Саамские сказки | страница 42



Не я эту песню знала — мой муж. Илья жил охотой, и ни о чем другом заботы у него не было. Всю дикарью повадку он знал — и у нас, и в сторону Коло, вся земля ему была как открытая душа. Илья неделями пропадал в лесах и на Кейве. И каждого возвращения его я ждала, как в первый день свадьбы нашей.

Набегает словно сон или видение... И родится из глубины души волна: что это явь или мечтание такое? И эта волна родится, бежит живыми словами в груди... Так Илье моему, бывало, придет эта песня волной, и он запоет. Соседи услышат — все Ьридут, его не трогают, словечко никто не скажет, а он поет. Там же, где дитятко убегает от матери,— слезами поет и мы все в слезах омываемся.

В Каменском мы с ним жили, от роду его. В нашей жизни на нашем жилом месте не было и не бывало драк или свары, пока он жил. Если он прознает, что между соседями завелся раздор — он просит меня звать к себе тех людей. Обязательно в тот час звать, как застигнет его эта песня. Они придут к нему. Найдет он для них нужное слово — помирит.

Это не сказка. По-нашему ловта называется. Это истинно живое было. Его духом жили мы. Жили и хвалили бога.

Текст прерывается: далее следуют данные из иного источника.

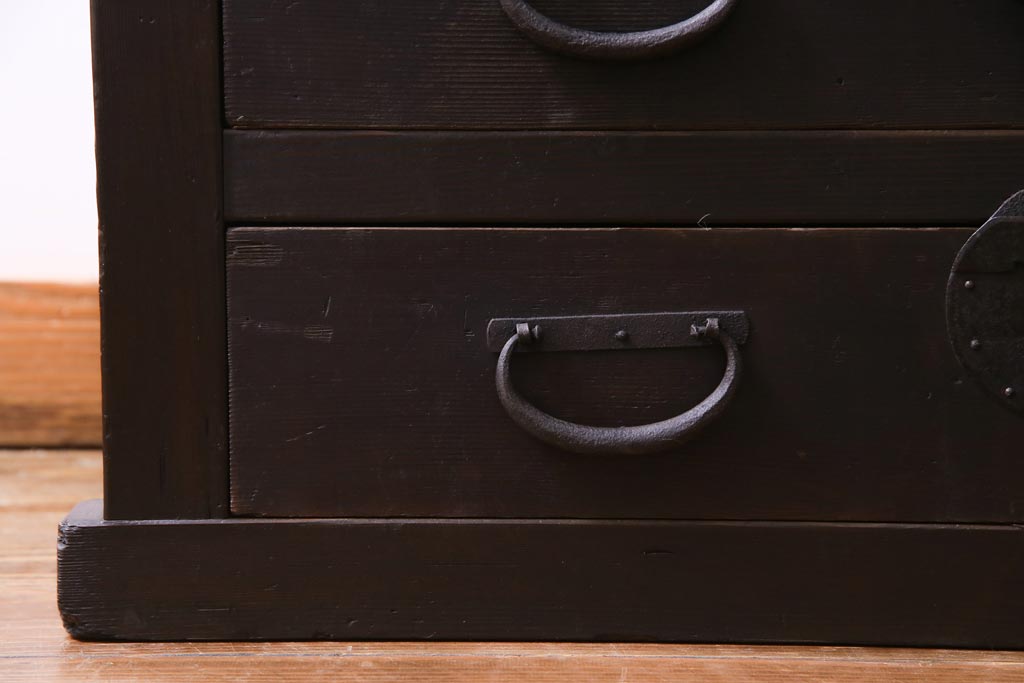 アンティーク家具　和製アンティーク　ヒノキ材　濃い色合いとなめらかな木目の帳場箪笥(時代箪笥、和タンス)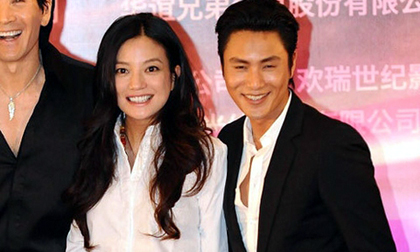 Triệu Vy quên mặc quần đi họp báo?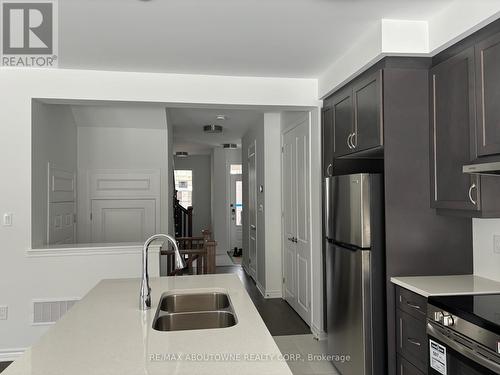 3034 Langdon Road, Oakville, ON - Indoor Photo Showing Kitchen With Double Sink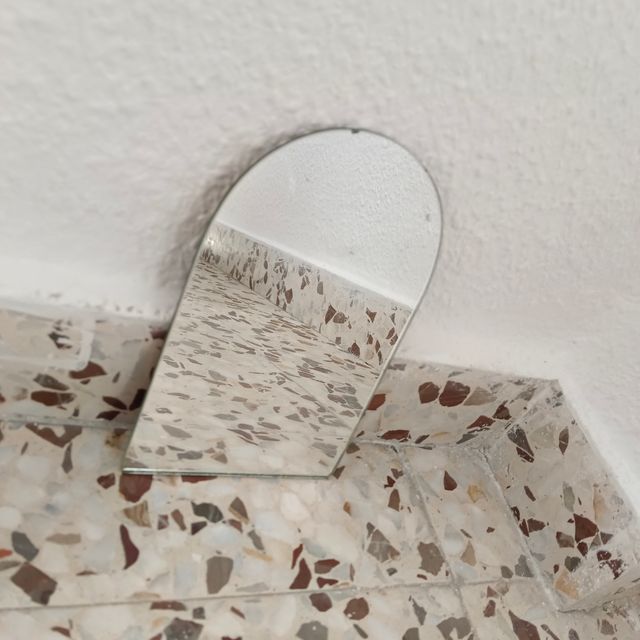 1€: Espejo pequeño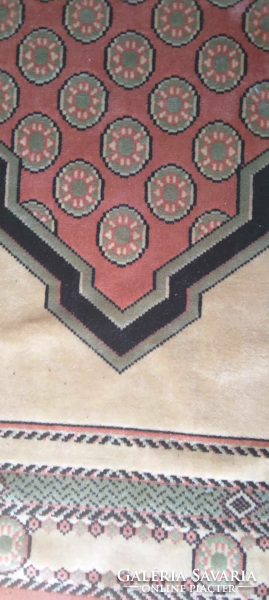 Különleges, art deco-ra emlékeztető mintájú, pasztell árnyalatú, retro műselyem szőnyeg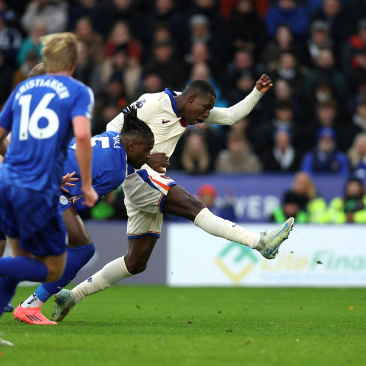 开云体育登录-切尔西客场击败对手，斩获重要三分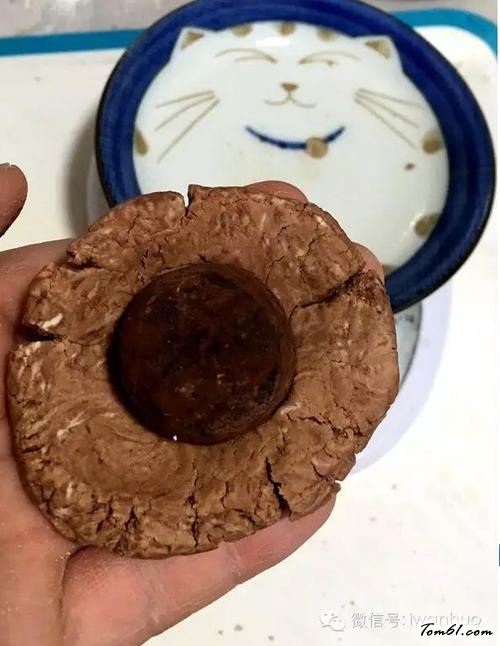 【又大又软还会爆浆的全家欢甜品 巧克力糯米滋】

Какой Илья был из себя? А... худощавый был мужик, ростом высок, волос черный. Глаза словно не нашего житья, песню запоет — не веселыми глазами смотрит, тоскует. На охоту — не ходил, а летал; загорится, все забудет, глаза веселые, пойдет и зачнет свою песенку:

Спасибо тебе, осень черная!
Ах да спасибо тебе, суземок великий!
Спасибо, суземок, за жизнь твою.
Сыт я человек.
Спасибо за оленя дикого,
За рога его красивые!

Я от него грубого слова не слышала.

Никто этой ловты по-нашему не знал и не знает, и нйкто при нем, ни после него этой песни не пел. Только он один мог петь от начала и до конца. Унес он эту песню. Я знаю сказать ее, а родятся ли слова его песней, то не могу знать. Если родятся — поспей записать, твое счастье.

Плакать буду — не мешай.


Жил старик и старуха. Ну, и родились у них три дочери. Жили и жили. Старуха встала утром и принялась огонь разводить, а тут у льгаса ворон крыльями затрепыхал. Старуха испугалась:

— Вставай, старик, скорее!

Старик поднялся и выглянул из вежи. А перед ним предстал красивый человек большеносый, весь в черном, воронова крыла.

Старик позвал гостя в вежу, а старуха питенье и еденье на стол подала. И вот завелась беседа, началось сватанье.

Человек просит в жены дочку. Старики стали дочку отдавать и отдали старшую.

Ну, и пошла дочка их с мужем в свой новый дом. А старик со старухою живут-поживают.